__WHAT YOU WILL DO__. Look below for the line that has "Flexible de Frein". Set down the lines from there through the line that has "#9 Prema Orlen", exactly as written.

Dataset entries:
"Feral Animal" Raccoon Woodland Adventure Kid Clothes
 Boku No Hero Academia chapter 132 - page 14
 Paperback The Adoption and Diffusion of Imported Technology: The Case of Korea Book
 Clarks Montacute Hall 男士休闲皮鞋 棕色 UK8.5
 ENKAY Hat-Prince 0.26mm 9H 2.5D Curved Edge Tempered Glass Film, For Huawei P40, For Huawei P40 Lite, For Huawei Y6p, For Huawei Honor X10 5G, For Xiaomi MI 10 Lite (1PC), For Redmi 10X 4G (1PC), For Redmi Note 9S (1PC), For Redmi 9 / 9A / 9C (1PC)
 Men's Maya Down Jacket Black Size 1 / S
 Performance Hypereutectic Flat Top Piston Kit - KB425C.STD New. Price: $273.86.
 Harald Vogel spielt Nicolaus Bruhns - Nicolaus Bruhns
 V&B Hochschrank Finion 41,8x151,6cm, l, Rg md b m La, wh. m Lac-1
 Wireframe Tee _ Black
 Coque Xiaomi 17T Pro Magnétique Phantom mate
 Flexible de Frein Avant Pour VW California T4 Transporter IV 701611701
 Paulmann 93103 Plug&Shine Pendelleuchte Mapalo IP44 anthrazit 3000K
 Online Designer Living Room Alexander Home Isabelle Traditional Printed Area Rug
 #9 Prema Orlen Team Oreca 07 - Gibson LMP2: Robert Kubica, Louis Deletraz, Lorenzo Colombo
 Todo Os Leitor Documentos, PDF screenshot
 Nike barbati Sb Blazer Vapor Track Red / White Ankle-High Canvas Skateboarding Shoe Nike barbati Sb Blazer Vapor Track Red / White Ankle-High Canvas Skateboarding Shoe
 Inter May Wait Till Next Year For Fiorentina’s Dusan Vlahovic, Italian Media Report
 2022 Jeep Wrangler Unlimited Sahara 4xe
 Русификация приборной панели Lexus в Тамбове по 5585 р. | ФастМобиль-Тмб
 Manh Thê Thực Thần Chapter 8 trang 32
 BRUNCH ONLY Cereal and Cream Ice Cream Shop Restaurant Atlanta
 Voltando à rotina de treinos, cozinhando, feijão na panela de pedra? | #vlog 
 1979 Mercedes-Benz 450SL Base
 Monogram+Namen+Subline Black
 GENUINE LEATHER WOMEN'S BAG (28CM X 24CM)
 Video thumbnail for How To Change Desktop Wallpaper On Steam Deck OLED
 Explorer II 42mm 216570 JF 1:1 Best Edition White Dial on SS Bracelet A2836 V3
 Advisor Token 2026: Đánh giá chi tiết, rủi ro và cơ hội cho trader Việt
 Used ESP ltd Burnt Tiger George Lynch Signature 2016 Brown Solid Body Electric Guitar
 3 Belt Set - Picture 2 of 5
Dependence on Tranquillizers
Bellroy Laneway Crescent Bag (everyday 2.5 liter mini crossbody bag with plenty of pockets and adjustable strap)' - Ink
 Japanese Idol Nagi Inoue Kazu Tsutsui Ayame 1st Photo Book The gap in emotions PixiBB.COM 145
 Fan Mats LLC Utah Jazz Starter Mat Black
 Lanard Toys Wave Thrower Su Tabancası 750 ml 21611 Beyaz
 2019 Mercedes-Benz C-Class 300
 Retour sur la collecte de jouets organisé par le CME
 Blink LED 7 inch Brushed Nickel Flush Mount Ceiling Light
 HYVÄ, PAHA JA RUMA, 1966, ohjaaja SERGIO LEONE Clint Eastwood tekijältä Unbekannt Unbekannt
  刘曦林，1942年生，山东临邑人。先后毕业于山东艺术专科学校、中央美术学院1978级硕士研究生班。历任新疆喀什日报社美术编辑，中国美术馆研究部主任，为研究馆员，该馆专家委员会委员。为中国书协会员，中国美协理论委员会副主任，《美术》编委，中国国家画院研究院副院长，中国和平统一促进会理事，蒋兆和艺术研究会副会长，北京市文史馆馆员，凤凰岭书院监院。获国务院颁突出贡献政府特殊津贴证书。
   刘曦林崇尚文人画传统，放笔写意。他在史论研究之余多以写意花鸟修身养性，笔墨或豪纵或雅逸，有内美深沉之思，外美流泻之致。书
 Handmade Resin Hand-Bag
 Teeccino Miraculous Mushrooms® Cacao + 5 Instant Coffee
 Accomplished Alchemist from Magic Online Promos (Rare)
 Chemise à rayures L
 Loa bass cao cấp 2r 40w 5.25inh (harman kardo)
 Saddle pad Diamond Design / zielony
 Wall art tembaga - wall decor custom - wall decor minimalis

__EXERCISE ANSWER__.
 Flexible de Frein Avant Pour VW California T4 Transporter IV 701611701
 Paulmann 93103 Plug&Shine Pendelleuchte Mapalo IP44 anthrazit 3000K
 Online Designer Living Room Alexander Home Isabelle Traditional Printed Area Rug
 #9 Prema Orlen Team Oreca 07 - Gibson LMP2: Robert Kubica, Louis Deletraz, Lorenzo Colombo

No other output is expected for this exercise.